Tückische Schimmelpilze

Musiker stirbt, weil sein Dudelsack verkeimt war 

Trockener Husten und Atemnot haben einen 61-Jährigen in Großbritannien gequält. Die Leiden des Patienten waren für die Ärzte anfangs ein Rätsel. Doch dann untersuchten sie den Dudelsack des Musikers.

Weil er sein Instrument jahrelang nicht gereinigt hat, ist ein Dudelsackspieler in Großbritannien im Alter von 61 Jahren gestorben. Laut einer in der Zeitschrift "Thorax" veröffentlichten Studie waren der trockene Husten und die Atemnot, die dem Musiker zu schaffen machten, auf Schimmelpilze in seinem Instrument zurückzuführen.

Auf die Idee, den Dudelsack zu untersuchen, kamen seine Ärzte nach der Rückkehr des Musikers von einem dreimonatigen Australien-Aufenthalt. Denn während der Reise hatte er das Instrument nicht dabei und fühlte sich deutlich besser.

Dudelsack mit Schimmelpilzen verseucht

In Analysen wurden mehrere Pilzarten an verschiedenen Stellen des Dudelsacks entdeckt. Der Mann unterzog sich einer Behandlung, doch diese kam zu spät: Er starb im Oktober 2014.

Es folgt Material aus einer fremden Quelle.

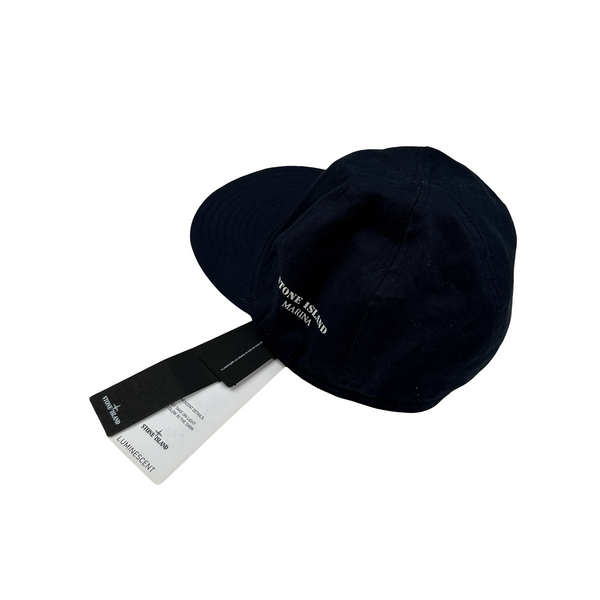 Stone Island Blue Marina Luminescent Spellout Cap - Large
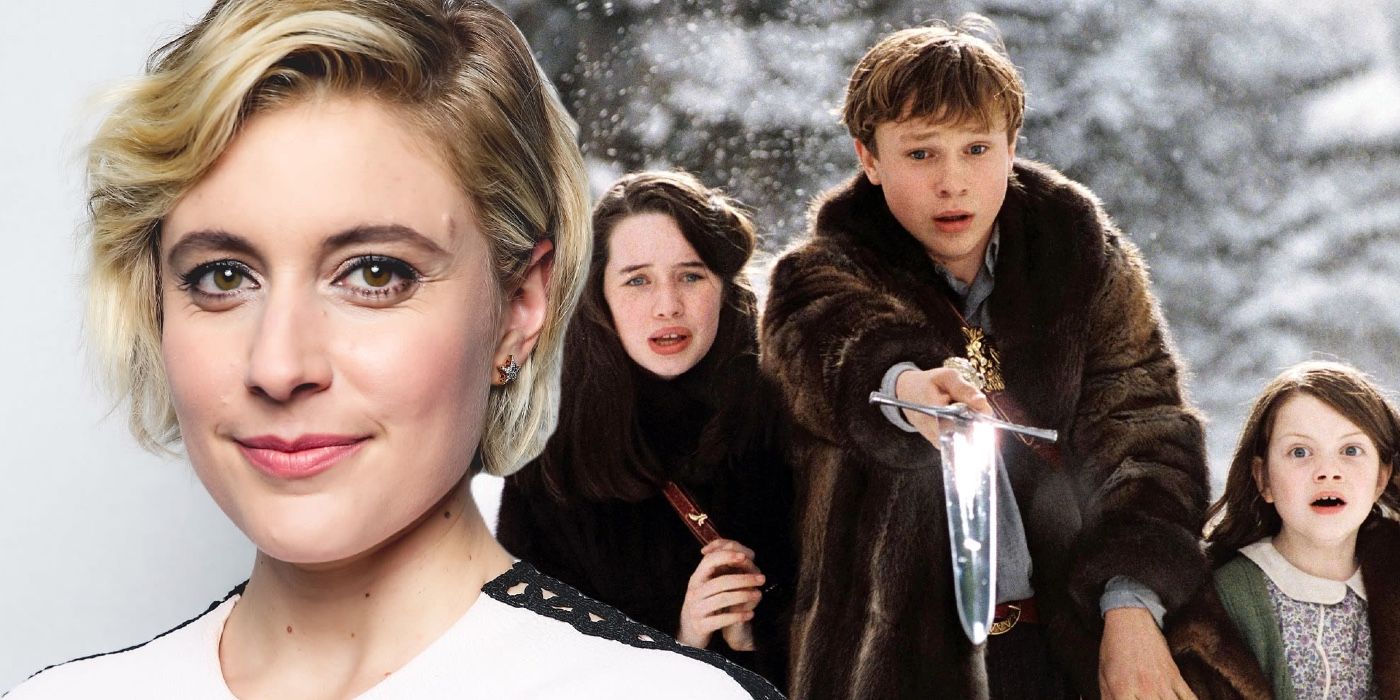 A composite image of Greta Gerwig in front of a white background with the Pevensie children from The Chronicles of Narnia pointing a sword at something offscreen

Die Obduktion brachte große Risse in der Lunge zum Vorschein. Zum ersten Mal sei entdeckt worden, dass derartige Beschwerden auf das Einatmen von Pilzen aus einem Dudelsack zurückzuführen seien, heißt es in der Studie.

Blasinstrumente müssen regelmäßig gereinigt werden

Eine deutliche Warnung an Musiker enthält der Bericht auch: "Spieler von Blasinstrumenten müssen verstehen, wie wichtig die regelmäßige Reinigung ist." Andrew Bova vom Nationalen Dudelsack-Zentrum im schottischen Glasgow schwört auf die Reinigung mit einem Wattebausch nach jeder Nutzung. "So stellt sich gar nicht erst Feuchtigkeit ein", sagte er der BBC.